À première vue, l’UBC n’est qu’un simple centre de collecte. Les agriculteurs y apportent leurs récoltes, les céréales sont pesées, contrôlées et enregistrées, puis les acheteurs viennent chercher les produits en vrac. Mais en y regardant de plus près, on constate qu’il se passe quelque chose de plus profond. Chaque sac est inspecté pour vérifier sa qualité, chaque kilogramme est pesé individuellement et chaque transaction est enregistrée numériquement dans l’application de collecte de l’UMVA. Mais surtout, chaque agriculteur reçoit un reçu et le paiement est effectué sans délai le lendemain. Dans une économie rurale où les transactions étaient autrefois opaques et où la confiance faisait souvent défaut, la transparence elle-même est devenue un atout. L’impact s’étend bien au-delà des portes du centre de collecte.

« Avant, je vendais sur des marchés informels qui offraient de faibles revenus, mais aujourd’hui, j’obtiens des prix plus équitables pour mes produits », explique Tuyishime Sandrine, une agricultrice de la commune de Buganda, dans le district de Cibitoke. « Les revenus supplémentaires dont bénéficient la plupart des agriculteurs comme moi sont réinvestis dans nos moyens de subsistance : achat de bétail, acquisition de terres, construction de maisons et création de petites entreprises. » Pour de nombreux foyers comme le sien à travers le pays, l’agriculture est passée d’une activité de subsistance à une véritable source d’opportunités économiques.

Par ailleurs, les registres numériques générés par la plateforme UMVA ont renforcé la confiance des gros acheteurs. Les contrôles de qualité, les pesées et les paiements sont traçables. Le risque de fraude est réduit. La confiance s’accroît de part et d’autre de la transaction. Ces avantages ne se limitent pas aux agriculteurs. Pendant les campagnes de récolte, des jeunes qui avaient auparavant du mal à trouver un emploi valorisant sont embauchés au sein du réseau UBC pour superviser les contrôles de qualité, encadrer les opérations, traiter les céréales ou assurer la sécurité. Plus de 100 manutentionnaires ont également trouvé un emploi à temps partiel grâce à cette initiative.

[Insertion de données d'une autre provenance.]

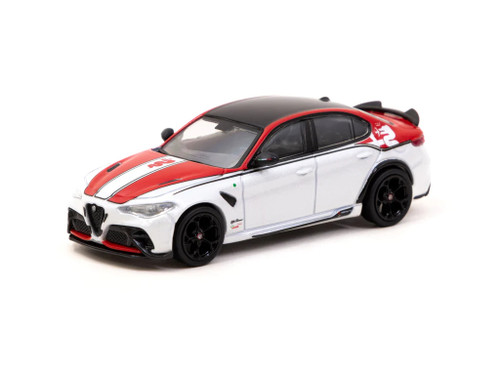 Tarmac Works 1:64 Alfa Romeo Guilia GTA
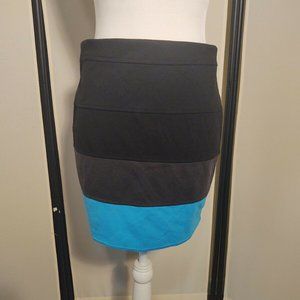 Candie's Stretch Pencil Mini Skirt - Sz. M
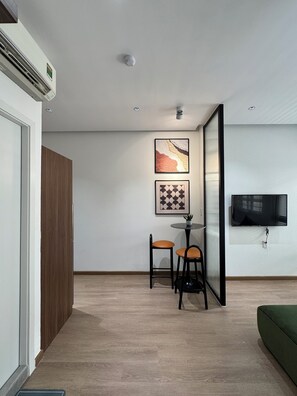 Deluxe appartement, uitzicht op stad | Een bureau, geluiddichte muren, een strijkplank/strijkijzer, gratis wifi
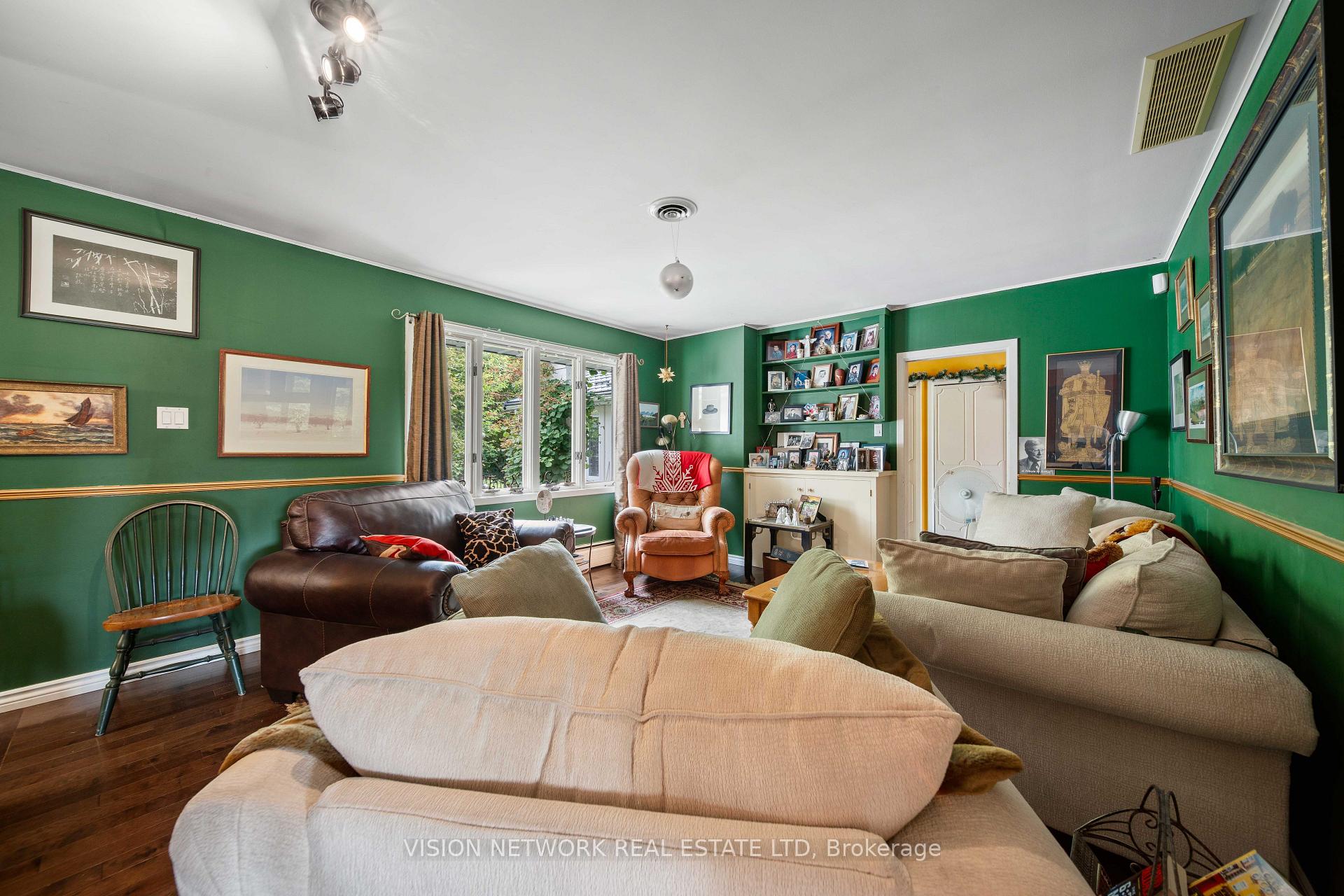 Photo 11 of 543 Upper Queens Street, London, South P — HOMEH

Au fil du temps, un véritable écosystème s’est mis en place, l’UBC démontrant que la pauvreté n’est pas toujours due à un manque de production, mais souvent à l’absence d’un accès équitable et efficace au marché. En mettant en relation des milliers d’agriculteurs avec des acheteurs vérifiés grâce à un système numérique structuré, la plateforme UMVA a comblé les lacunes en matière d’information qui permettaient autrefois à l’exploitation de prospérer. Elle a remplacé l’incertitude par la transparence et les transactions informelles par un commerce responsable. Il en résulte un marché qui fonctionne mieux pour tous – une leçon puissante qui montre que lorsque les systèmes commerciaux deviennent plus équitables, la prospérité va bien au-delà des marchandises échangées.